Estimates for how much house prices will fall over the short term are all over the map, and depend on factors particular to the kind of residential property and location.
RBC Economics — a conservative and relatively accurate source for housing market projections — recently released a report calling for a 12 per cent price correction for the housing market from last February’s peak, by next winter.
“We’d argue the unfolding downturn should be seen as a welcome cool-down following a two year-long frenzy that put a huge financial burden on many new homeowners and made ownership dreams harder to achieve,” wrote RBC Assistant Chief Economist Robert Hogue in the report.
That’s cold comfort for homeowners watching their investment shrink from a valuation that never really was.

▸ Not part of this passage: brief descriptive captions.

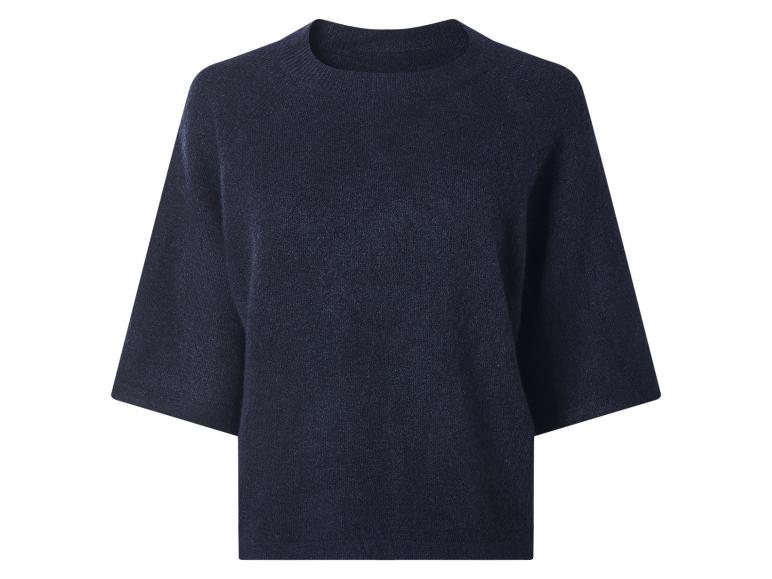 Dunkelblauer Kurzarmpullover mit Rundhalsausschnitt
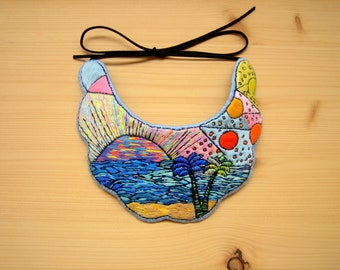 "Sunrise" embroidered bib necklace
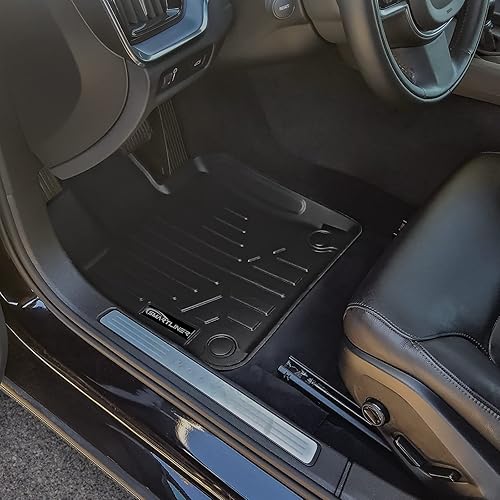 Miniatura 2 de SMARTLINER Juego de alfombrillas negras de 2 filas de protección para todo tipo de clima, compatible con Volvo S60 2019-2023 (no es compatible con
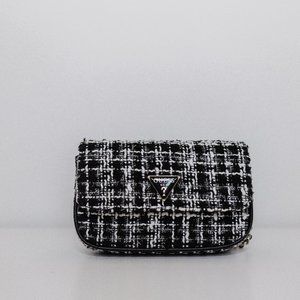 Guess Quilted Tweed Micro Mini Bag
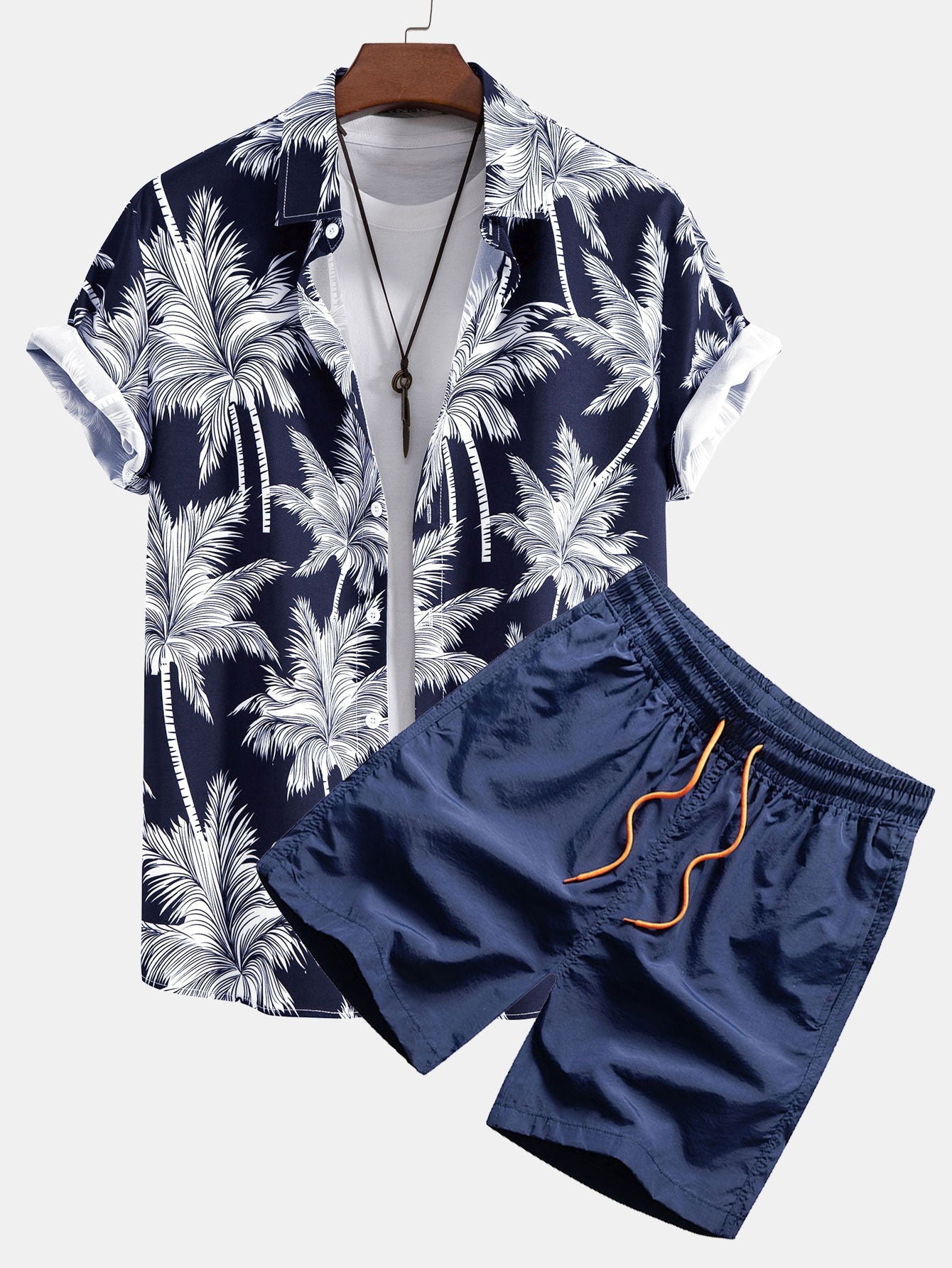 Bradly | Hemd mit Palmenprint und stylische Badeshorts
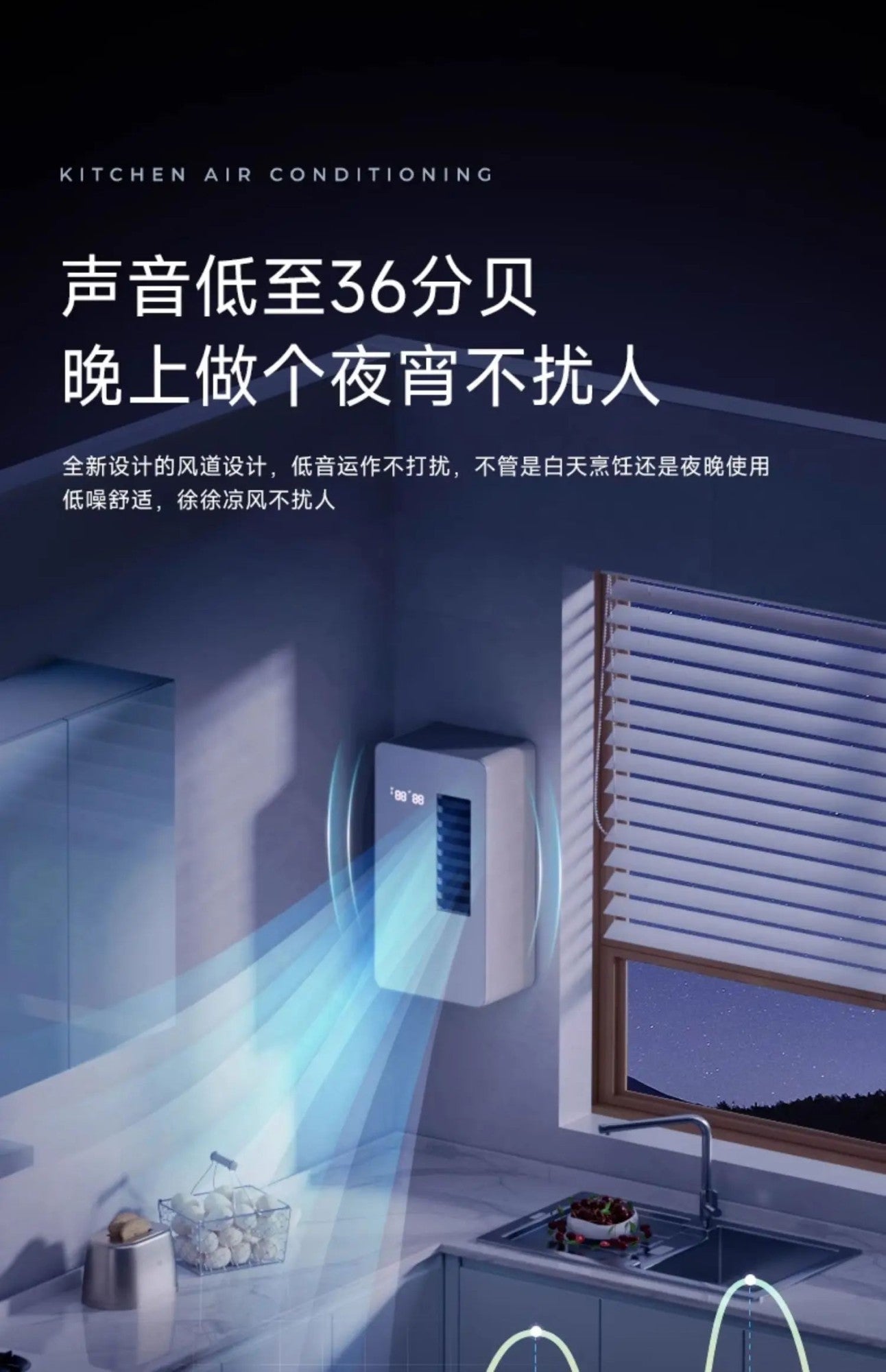Kitchen Dedicated Air Conditioner Without Outdoor Condenser Single Cooling Integrated Toilet Bathroom Wall-Mounted Refrigeration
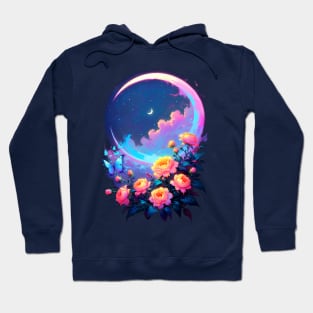 Moon and Flowers in Dreamland Hoodie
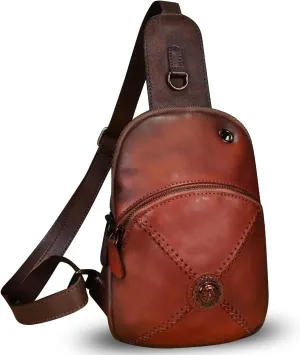 Genuine Leather Silng Bag for Women Small Vintage Leather Sling Backpack Fashion Shoulder Crossbody Bag Chest Purse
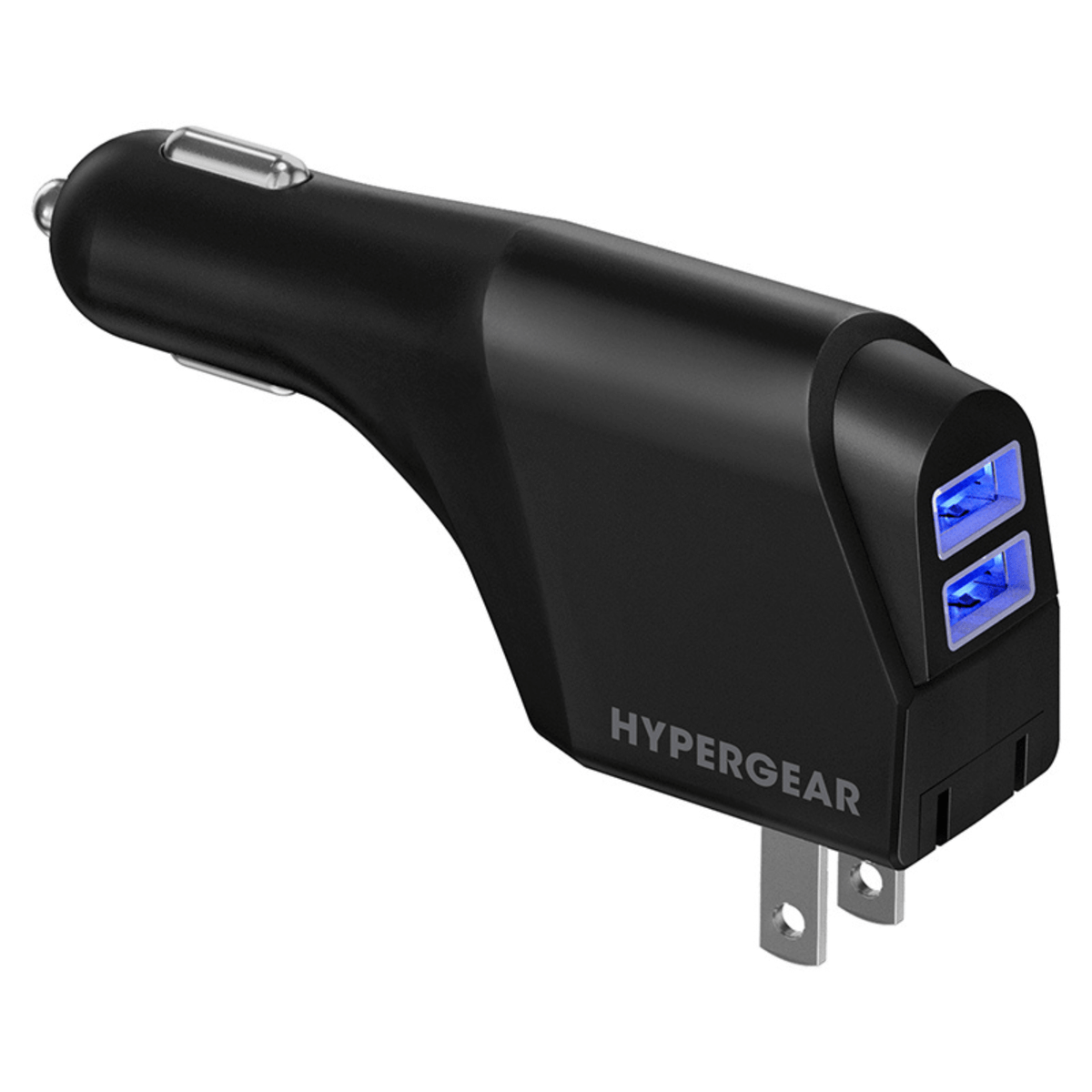 Hybrid 2.1A Dual USB Car/Wall Charger by Best Product Finds, black with blue USB ports on Tampa Home & Garden Store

Many stories are emerging in the media of homeowners selling below their arbitrary asking price and referring to the difference as a loss; like it was money in the bank.
In many cases those valuations have doubled and tripled in the past decade or so beyond the real intrinsic value of the home.
And that’s why it’s called a correction; a return of an asset price to its real intrinsic value. Economists with the Canada Mortgage and Housing Corporation (CMHC) have long said the average price of an average home has consistently risen at least five per cent each year in any 25-year period since the Second World War, and there’s no foreseeable reason for the future to be any different.
The one thing all corrections have in common is their tendency to mess with our heads because our deepest fear is that they will continue toward a collapse.
Long-term perspective is the best remedy for short-term fear, at least in this case.
The S&P 500 is a good example of how corrections correct because the index holds a diversified cross section of stocks that reflect the broader markets. Through the close of trading Thursday, the benchmark was down almost 15 per cent this year: officially a correction.
However, the value of the S&P 500 has skyrocketed about 65 per cent over the past five years.
Similarly, the technology-heavy Nasdaq 100 has gone beyond correction territory into bear market territory after sinking nearly 25 per cent from its Dec. 1, 2021 high.
Even in bear market territory, the Nasdaq 100 is up nearly 90 per cent over the past five years.
Corrections become much clearer when you look at long-term charts and realize you might be losing sleep over a short-term blip.
Oh, and corrections work both ways. As RBC points out, a housing correction brings opportunity for homebuyers — just like equity market corrections bring opportunity for investors to possibly buy below the real intrinsic value.
Here’s an idea for homeowners and investors with correction anxiety. Search for long-term price charts from credible online sources, print them out, and paste them on your refrigerator.
Each time you open the fridge you should get an added blast of cool.